I am trying to get the character encoding for pages that I scrape, but in some cases it is failing. Here is what I am doing:

resp = urllib2.urlopen(request)
self.COOKIE_JAR.extract_cookies(resp, request)
content = resp.read()
encodeType= resp.headers.getparam('charset')
resp.close()

That is my first attempt. But if charset comes back as type None, I do this:

soup = BeautifulSoup(html)
if encodeType == None:
    try:
        encodeType = soup.findAll('meta', {'http-equiv':lambda v:v.lower()=='content-type'})
    except AttributeError, e:
        print e
        try:
            encodeType = soup.findAll('meta', {'charset':lambda v:v.lower() != None})
        except AttributeError, e:
            print e
            if encodeType == '':
                encodeType = 'iso-8859-1'

The page I am testing has this in the header:
<meta charset="ISO-8859-1">

I would expect the first try statement to return an empty string, but I get this error on both try statements (which is why the 2nd statement is nested for now):

'NoneType' object has no attribute 'lower'

What is wrong with the 2nd try statement? I am guessing the 1st one is incorrect as well, since it's throwing an error and not just coming back blank.

OR better yet is there a more elegant way to just remove any special character encoding from a page? My end result I am trying to accomplish is that I don't care about any of the specially encoded characters. I want to delete encoded characters and keep the raw text. Can I skip all of the above an tell BeautifulSoup to just strip anything that is encoded?

分享到QQ

分享到微博

如果你对这篇内容有疑问，欢迎到本站社区发帖提问参与讨论，获取更多帮助，或者扫码二维码加入 Web 技术交流群。

发布评论

需要登录才能够评论，你可以免费注册一个本站的账号。

樱花细雨 2024-11-02 16:29:15

我决定只接受 BeautifulSoup 吐出的任何东西。然后，当我解析文档中的每个单词时，如果无法将其转换为字符串，我就会忽略它。

for word in doc.lower().split(): 
        try:
            word = str(word)
            word = self.handlePunctuation(word)
            if word == False:
                continue
        except UnicodeEncodeError, e:
            #word couldn't be converted to string; most likely encoding garbage we can toss anyways
            continue

I decided to just go with whatever BeautifulSoup spits out. Then as I parse through each word in the document, if I can't convert it to a string, I just disregard it.
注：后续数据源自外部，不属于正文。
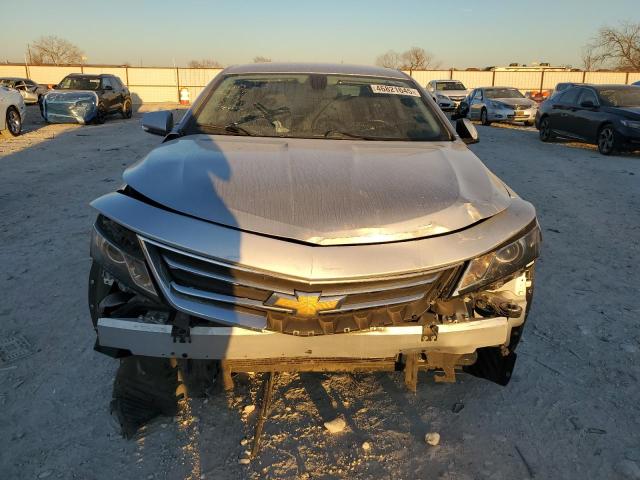 2017 CHEVROLET IMPALA LT - 2G1105SA7H9131556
for word in doc.lower().split(): 
        try:
            word = str(word)
            word = self.handlePunctuation(word)
            if word == False:
                continue
        except UnicodeEncodeError, e:
            #word couldn't be converted to string; most likely encoding garbage we can toss anyways
            continue

回复收藏 0 原文

帅哥哥的热头脑 2024-11-02 16:29:15

当尝试确定页面的字符编码时，我认为应该尝试的顺序是：

通过元标记从 HTML 页面本身确定（例如 )
通过 HTTP 标头确定编码（例如 Content-Type: text/html; charset=ISO-8859-1
）如果以上没有产生任何事情，您都可以做一些事情，例如使用算法来使用页面中字节的分布来确定页面的字符编码（请注意，不能保证找到正确的编码）。查看 chardet 库以了解此选项。